[Captioned web image data]
◆ ◆ ◆ ◆ ◆
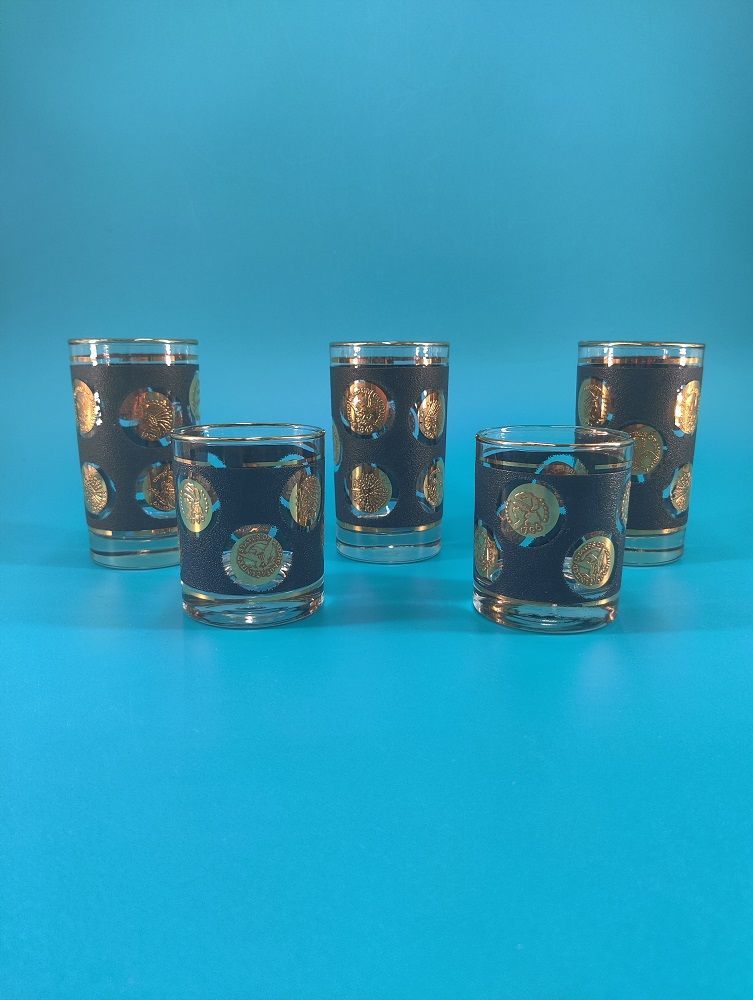 This listing includes three tumblers and two rocks glasses.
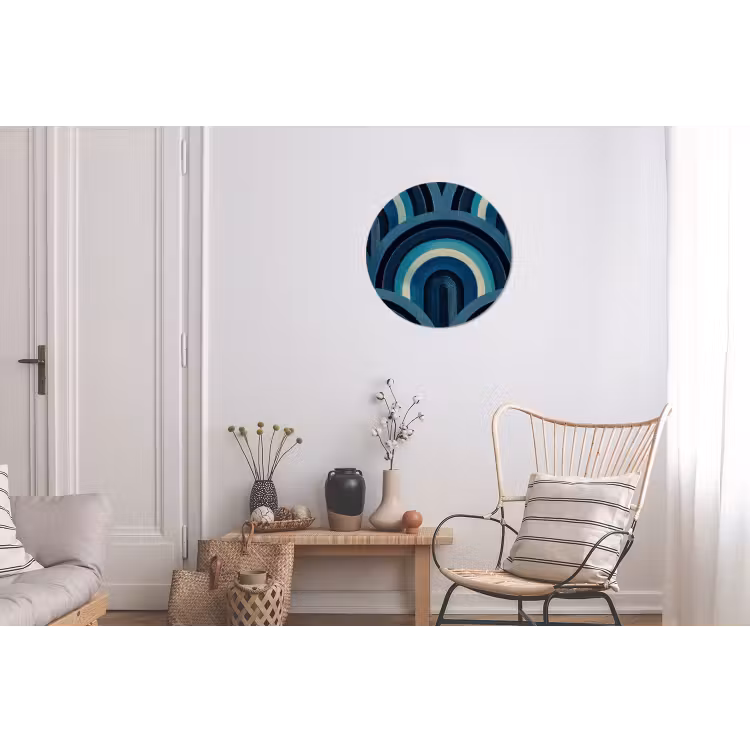 Bogen - Geometrisch - Patroon - Blauw - Retro Wandcirkel aluminium klein 190 -woonkamer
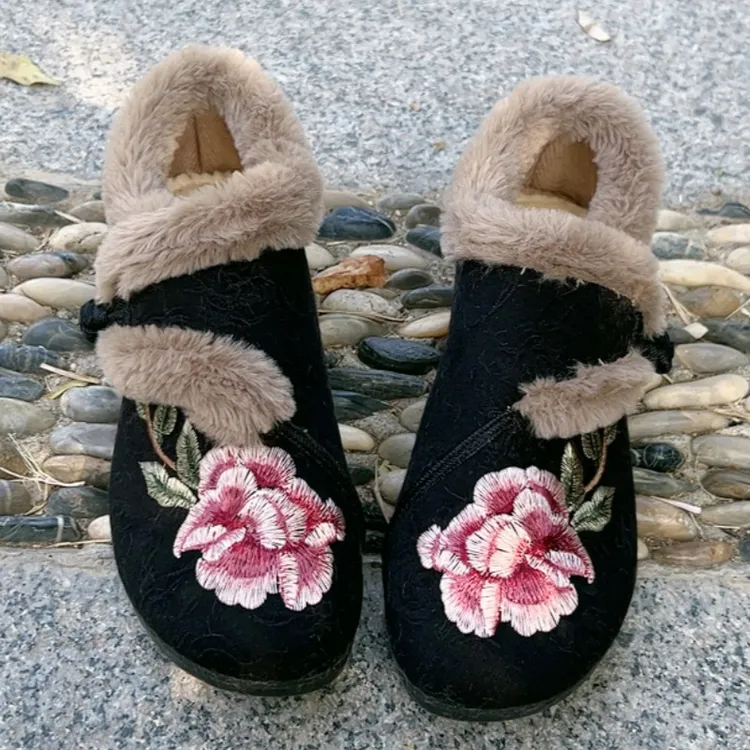 冬季老北京布鞋女棉鞋民族风加绒保暖中老年妈妈鞋外穿汉服鞋防寒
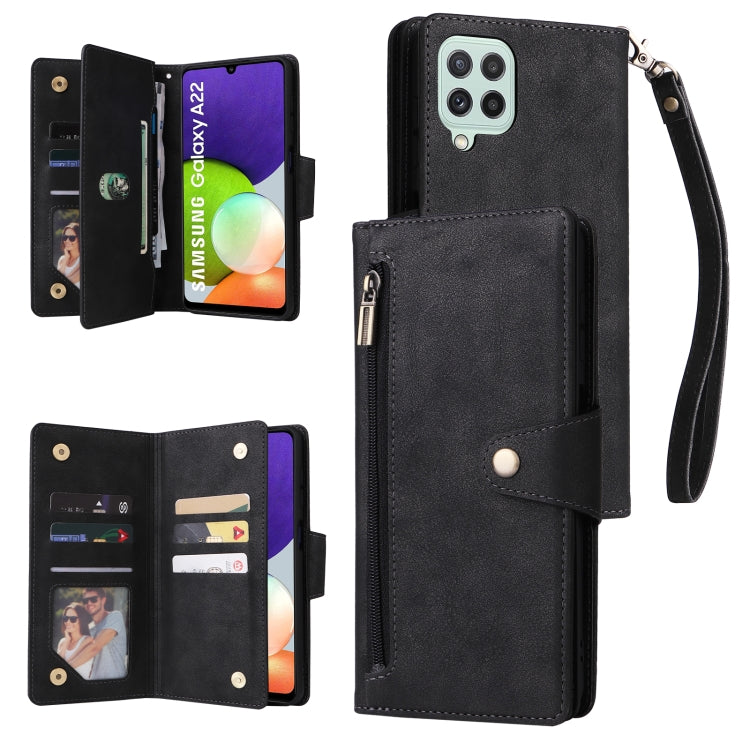 Rivet Buckle 9 Cards Three Fold Leather Phone Case, For Samsung Galaxy A22 4G, For Samsung Galaxy A22 5G, For Samsung Galaxy A32 4G, For Samsung Galaxy A32 5G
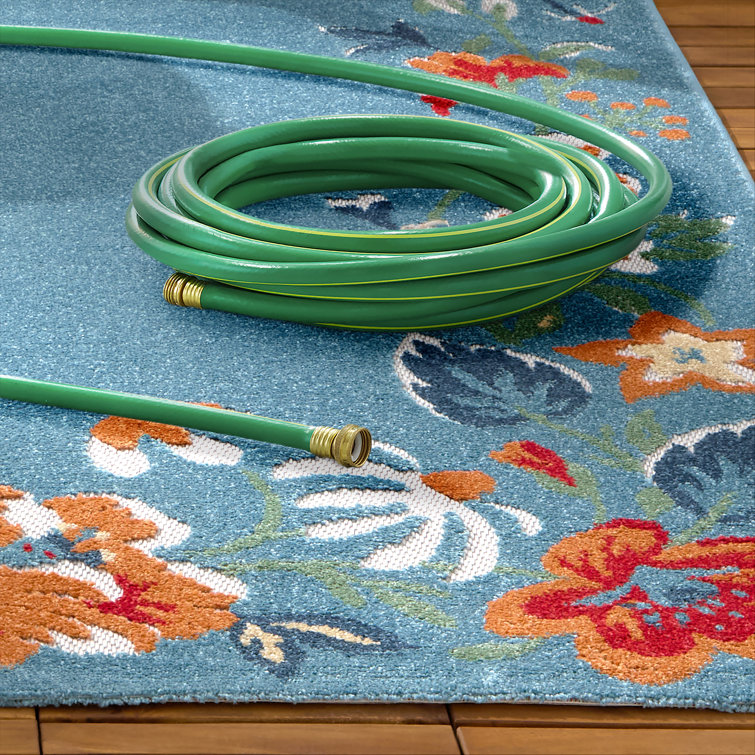 Hibiscus Bloom Light Blue Red Floral Indoor Outdoor Rug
◆ ◆ ◆ ◆ ◆
- [TASK DETAILS]: Although the records above contain pictures, the copy should not; retype exactly the lines from the one containing "Bogen - Geometrisch" through the one containing "Rivet Buckle 9".

- [REPLY TO THE TASK]:
 Bogen - Geometrisch - Patroon - Blauw - Retro Wandcirkel aluminium klein 190 -woonkamer
 冬季老北京布鞋女棉鞋民族风加绒保暖中老年妈妈鞋外穿汉服鞋防寒
 Rivet Buckle 9 Cards Three Fold Leather Phone Case, For Samsung Galaxy A22 4G, For Samsung Galaxy A22 5G, For Samsung Galaxy A32 4G, For Samsung Galaxy A32 5G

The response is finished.